=== Section Start ===
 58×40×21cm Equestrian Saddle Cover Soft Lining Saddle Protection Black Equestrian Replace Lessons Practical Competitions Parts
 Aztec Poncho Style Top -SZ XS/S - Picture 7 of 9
=== Section End ===
=== Section Start ===
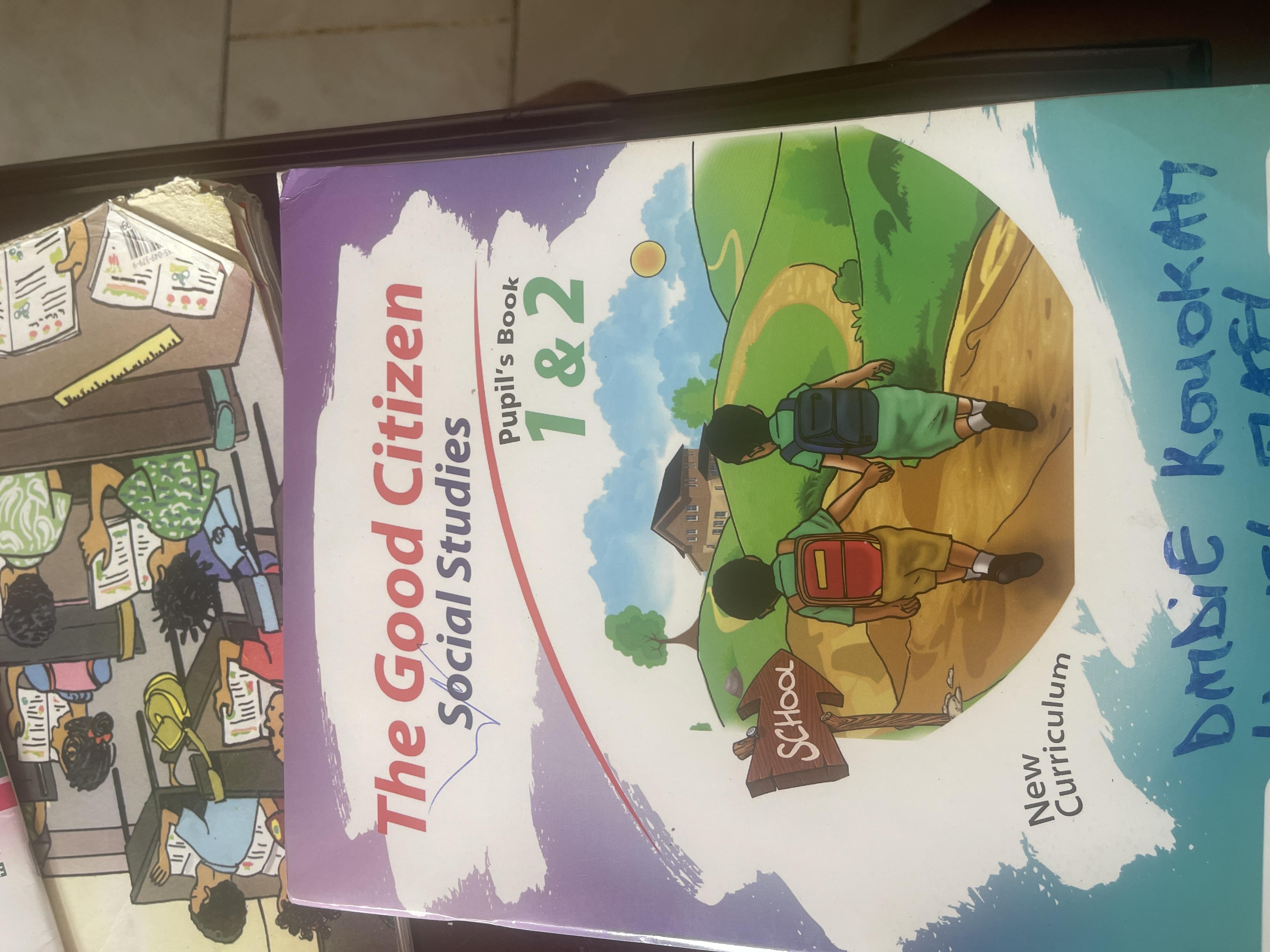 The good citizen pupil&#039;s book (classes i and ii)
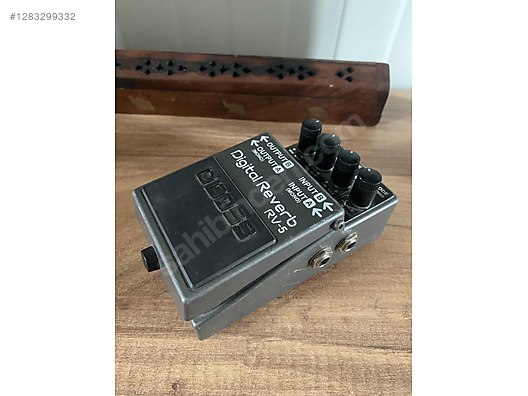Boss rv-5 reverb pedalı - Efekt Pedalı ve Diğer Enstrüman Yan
=== Section End ===
_Action item:_
Return, exactly as they stand, the lines above from the one with "The good citizen" to the one with "Boss rv-5 reverb", omitting any pictures among them.

_Result of this task:_
 The good citizen pupil&#039;s book (classes i and ii)
Boss rv-5 reverb pedalı - Efekt Pedalı ve Diğer Enstrüman Yan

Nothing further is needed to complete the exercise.